A classe média em Portugal, seja lá o que isso ainda for, pode desaparecer como consequência da crise económica que o país atravessa. Quem o diz é o sociólogo Elísio Estanque, que lança esta semana um livro sobre este tema.
A classe média "está em risco de um empobrecimento muito rápido" que pode levar a um "descontentamento mais amplo na sociedade portuguesa" e ao "enfraquecimento do sistema socioeconómico e do sistema democrático", explicou o autor do livro "Classe Média: Ascensão e Declínio".
Pois é. Também a classe média está a ver os pratos sem comida e, por isso, é levada a concluir que – como pretende o governo – viver sem comer é algo que até agora só fez aumentar o número de óbitos.
Para o sociólogo, a classe média em Portugal tem "dificuldades acrescidas" em relação a outros países ocidentais, que resultam de processos tardios quer de industrialização quer de adopção de um regime democrático.

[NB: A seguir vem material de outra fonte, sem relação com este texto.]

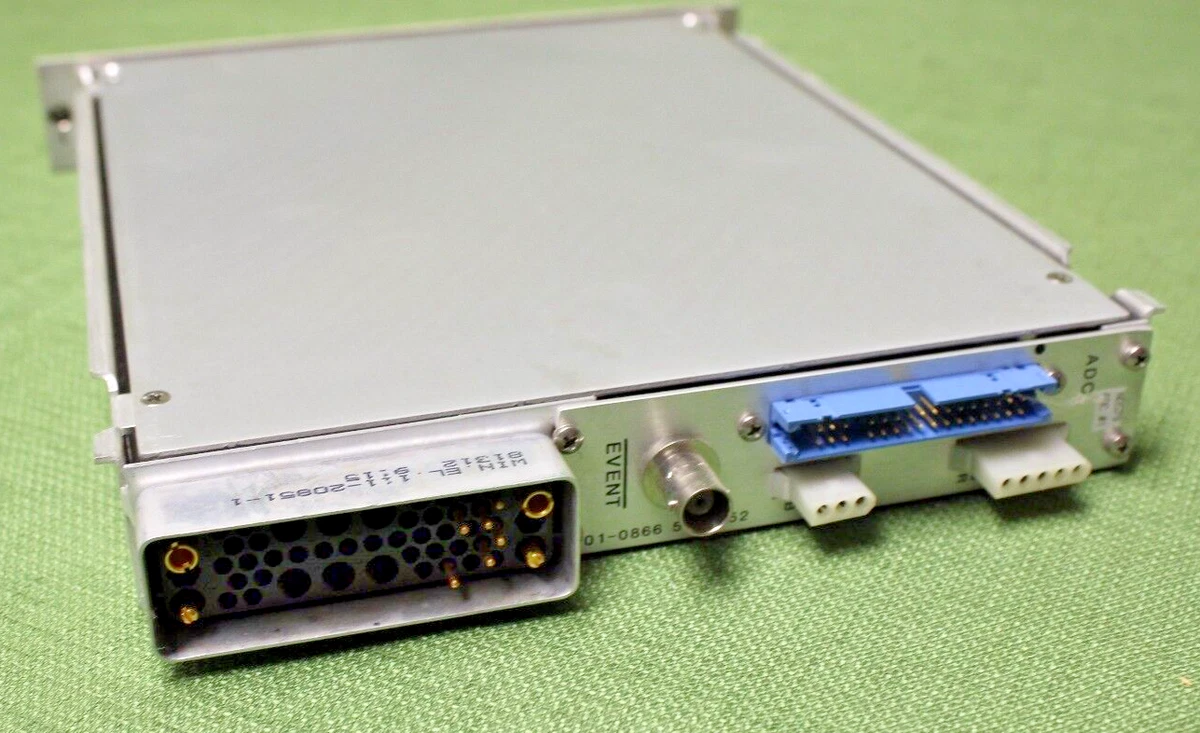 Canberra ND579 ADC Modelo 880775 - Módulo Convertidor Analógico a Digital NIM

Por isso, "a classe média que Portugal conseguiu edificar" foi criada num "processo muito rápido, pouco consistente, que resultou sobretudo da expansão do Estado social e que, na sequência dos anos 80 do século passado, sujeita a um discurso mais ou menos eufórico orientado para o consumo e para um certo individualismo, criou um conjunto de expectativas relativamente às oportunidades do sistema".
Dir-se-ia que, bem vistas as coisas, a culpa acaba mesmo por ser de Salazar que ensinou o seu povo a viver com dificuldades mas que, de facto, não o preparou para a sociedade de consumo. E assim sendo, toda a fartura acabou agora por se transformar em farelo.
A crise económica que Portugal enfrenta está a defraudar expectativas de que haverá, ou haveria, mais vida para além do défice. E como, pelos vistos, tudo termina com o défice, a sociedade portuguesa começa a raciocinar com barriga… vazia.
Muitos jovens, que fazem parte da classe média mas que têm formação superior, vivem uma "condição de precariedade e insatisfação relativamente às instituições e à classe política", sendo esta faixa da sociedade que "alimenta os movimentos de protesto", explica Elísio Estanque.
Não creio, contudo, que sejam só os jovens a alimentar os movimentos de protesto. Também os mais velhos, aqueles que são demasiado jovens para se reformarem e demasiado velhos para conseguir trabalho, parecem estar dispostos a pegar os bois pelos cornos.
Já não têm, é certo, a vitalidade física de outros tempos, mas têm a experiência de vida que lhes dá uma pontaria mais certeira e que evitará gastar demasiadas munições. Pontaria intelectual, entenda-se.
Diz Elísio Estanque que são os jovens que "incutem um novo discurso, uma nova leitura relativamente ao funcionamento da sociedade e recorrem a outro tipo de meios e de leituras da realidade. Se esses sinais conseguirem ser capitalizados e absorvidos pelos agentes da nossa vida política - partidos políticos, sindicatos, instituições em geral - pode ser que as instituições se renovem a tempo de evitar o pior".
Evitar o pior já não é possível. Os jovens sabem que só há duas universidades em Portugal que lhes podem garantir um futuro promissor. É um número, convenhamos, muito curto. Além disso os cursos ministrados são cópias de qualidade duvidosa.
De facto, tanto faz tirar uma licenciatura na Universidade do PS como na do PSD. Alternadamente são elas que garantem emprego, seja nos partidos, nas empresas públicas, ex-públicas ou semi-públicas, na Assembleia da República e em outros organismos correlativos ao maçonismo.
"Estamos num momento de encruzilhada de viragem. Não é só Portugal. Estamos num mundo conturbado, estamos num momento de transição. Para o bem ou para o mal. A História está em aberto", refere Elísio Estanque.
E, embora admita que os portugueses não costumam "embarcar em excessos como aconteceu na Grécia", o sociólogo acredita que a ideia de que Portugal é um país de brandos costumes é um mito.
"Em vários momentos da sua história, os portugueses mostraram uma grande irreverência, capacidade de acção e até algum radicalismo", conclui Elísio Estanque.
Não creio, contudo, que os portugueses tenham deixado de ser um povo de brandos, muito brandos, costumes. Isto porque, ao longo das últimas décadas, os português aprender a nascer com coluna vertebral amovível e formatados para entenderem que o esclavagismo é a solução.
Solução para o défice, solução para a crise, solução para que o país tenha uma casta superior e uma plebe disposta a todos os sacrifícios para bem dos seus amos.